Hacker News new | ask | show | jobs
by alecbaldwinlol 3688 days ago
I imagine maybe 10x more than this. The numbers actually aren't too shocking if you think of the mirroring of data that's required for maximum uptime (not even archival), and the occasional disk failure.

1,000 TB (1PB) can be easily handled across ~150 (6-7TB)HDDs for one copy, but 300-450 HDDs would be required for additional mirroring.

Largest tape cartridges out there are between 6 and 8.5 TBs, and cost around $22 per TB. That's only $22,000 per PB, and this is for high throughput cartridges like LTO7 or StorageTek Titanium. LTO5 is much cheaper.

Considering that the largest tech companies and major organizations routinely cut POs for several $100ks and are dealing with 100s of PBs of data across disk, tape, DVDs etc, it isn't outside the realm of possibility to have 300,000+ individual disks and tapes floating out there :)

3 comments

Anecdotally, Google's file system Colossus uses Reed-Solomon 1.5x replication. So those 150 drives might only turn out to be in the low 200's.

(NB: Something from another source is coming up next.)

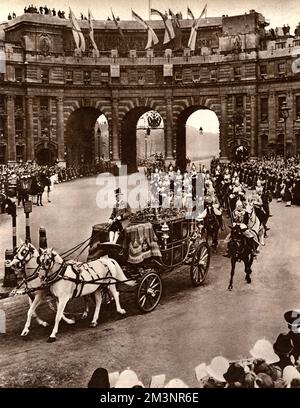 Prinzessin Elisabeth's Hochzeit - Prozession - Admiralitätsbogen Stockfoto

And I remember reading a tweet from a Google engineer that they would be paged if their free storage dropped below 5PB.

I thought waking up at 3am, shambling to my desk and connecting to the VPN was bad. Imagine having to drive down to the datacenter and rack 200 hard drives.
Sweet, I appreciate that info :) I imagine 5PB fills up quite quickly for Google too!

At that scale, it's just a function of (number of ethernet cables) x (avg size of ethernet cables), rather than disk space in their data center, I'd imagine!

> 1,000 TB (1PB) can be easily handled across ~150 (6-7TB)HDDs for one copy, but 300-450 HDDs would be required for additional mirroring.

Mirroring is not used at that scale

https://www.backblaze.com/blog/reed-solomon/

https://blogs.msdn.microsoft.com/windowsazurestorage/2012/06...

That's all good, it would just increase the number of disks required to be purchased and the amount of electricity/cooling/floorspace to maintain them. It would add to the disk count, but not really affect cost per TB all that much.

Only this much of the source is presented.